When I say that I miss activism, what I am really saying is that I feel I am not doing my share right now to make the world a better place. One and a half billion people do not have easy access to clean water. Forty thousand people die daily of poverty (i.e., hunger and curable diseases). The children of Jerusalem are persecuted and slaughtered and have their houses bulldozed. Sweatshop workers toil in obscene conditions for inhumanly long hours to earn a pittance. Union leaders are assassinated for attempting to organise collective bargaining. Back home, millions of my fellow US citizens rot in jail -- many for victimless crimes -- in the service of the prison-industrial complex. Without fear of consequence, police savagely beat or shoot people for the crime of being non-white. Around the world, bombs fall regularly on civilian populations; old landmines lay uncleared until the moment that they destroy the life of a hapless child.

These stories -- and many more like them -- bring tears to my eyes and passion into my heart. And it is working to bring about a better world -- a world without these horrors -- that truly fuels my desire to be an activist. Does that make sense?

I have been an activist in times past. I have worked to bring about significant change. Right now, however, I am not. And as wonderful and spectacular as Oxford BiFest was, I do not think that organising it gives me the right to call myself one.

P.S. Please excuse if this is less than eloquent. It is just about bedtime... so I may not be at my best when it comes to words right now. Many apologies if that is the case!
Edited 2010-04-06 00:40 (UTC)
ludy: Close up of pink tinted “dyslexo-specs” with sunset light shining through them (Default)

[personal profile] ludy 2010-04-06 09:18 pm (UTC)(link)
all of this - very much...

it's what motivated me to do a Peace Studies degree.
but i'm very limited in what i can manage

when i was younger doing sexuality stuff was probably more radical - thinking about the LOGIC group (Lesbian or Gay in Chelmsford [livejournal.com profile] earwigmc started back in the when i was 18 that got thrown out of several pubs that didn't want to be associated with filthy queers . It's generally easier than that now. But there's still plenty of work to do. Something i want to do more is look at widening inclusion in Bi events/groups ...

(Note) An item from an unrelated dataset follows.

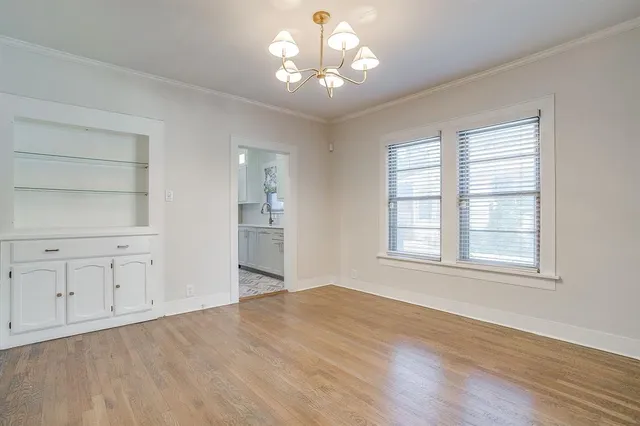 an empty room with wooden floor cabinet and windows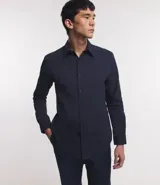 Camisa de vestir blanca de algodón con textura maquinetada, cuello camisero y mangas largas.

[identity profile] anarchist-nomad.livejournal.com 2010-04-06 09:42 pm (UTC)(link)
I did not know that you had done a degree in Peace Studies -- very cool!

I'd like it if we could find time at some point to sit and just chat and get to know each other better. We've done this in fits and starts in the two years that I have known you... and each time I find the conversation to be quite interesting. You are obviously good people... and very important to several folks close to me. So I would just like to know more about you. *smile*

As for what you can manage? Well, have you read Marge Piercy's novel Woman on the Edge of Time? If so, you may understand why the thought that pops into my head is: "Person must not do what person cannot do." I know that you have your limitations... but you also manage to accomplish a lot! You have my respect and admiration on that front!

*big hugs*
ludy: an arched window inmy old house (arch)

[personal profile] ludy 2010-04-06 09:51 pm (UTC)(link)
in a bit of wonderful circularity i read Women on the Edge if Time to give a report in the "social alternatives" module of my degree!

and thankyou :)

[identity profile] anarchist-nomad.livejournal.com 2010-04-06 10:07 pm (UTC)(link)
Oh, excellent! Even now, so many years after I first read it, that remains one of my favourite books!